A droite! c’est l'autre message du 11 janvier 2015

La rue du 11 janvier disait aussi tout autre chose que ce que le gouvernement, certains médias et les ravis nous ont raconté. Sans doute s'agissait-il  de la défense des libertés, de refuser les amalgames possibles et de défendre la république dans la composante du vivre ensemble. Mais. Une manifestation peut elle être commentée hors sol?
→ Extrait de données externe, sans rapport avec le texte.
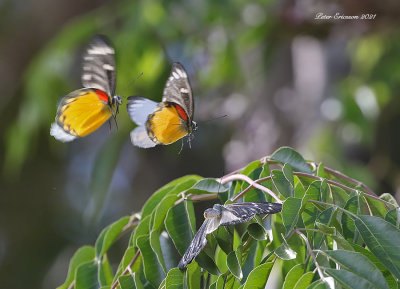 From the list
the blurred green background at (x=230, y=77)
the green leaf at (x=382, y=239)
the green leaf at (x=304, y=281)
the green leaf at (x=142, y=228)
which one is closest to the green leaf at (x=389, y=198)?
the green leaf at (x=382, y=239)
En d'autres termes, après des mois et des mois d'apathie, la société française très recentrée à droite sur certains sujets n’a telle pas saisi le drame de Charlie, de Montrouge, et de la supérette cacher pour préciser ses demandes?

Une remarque d’abord.6

Réduire la journée du 11 janvier à la seule manifestation parisienne serait une grave erreur. Consequence de la fracture sociale aggravée par 30 ans d’imperitie, à Lille comme à  Marseille, les populations des quartiers difficiles étaient absentes des cortèges ("je ne suis pas Charlie " sur les réseaux sociaux). A Paris les défilés étaient plutôt blancs, peu politiques et encore sous le coup de l'émotion.

Mais là n’est pas l'essentiel. Les marseillaise chantées à répétition ainsi que les hommages appuyés rendus à la police sous forme d'applaudissements en disaient long sur l'expression des classes moyennes. Besoin de recentrage sur la Nation, besoin d'une sécurité accrue avec le débat sur le Patriot Act à la française, débat tout azimut sur l'islam et le fondamentalisme en des termes parfois très maladroits pour ne pas dire xénophobes.  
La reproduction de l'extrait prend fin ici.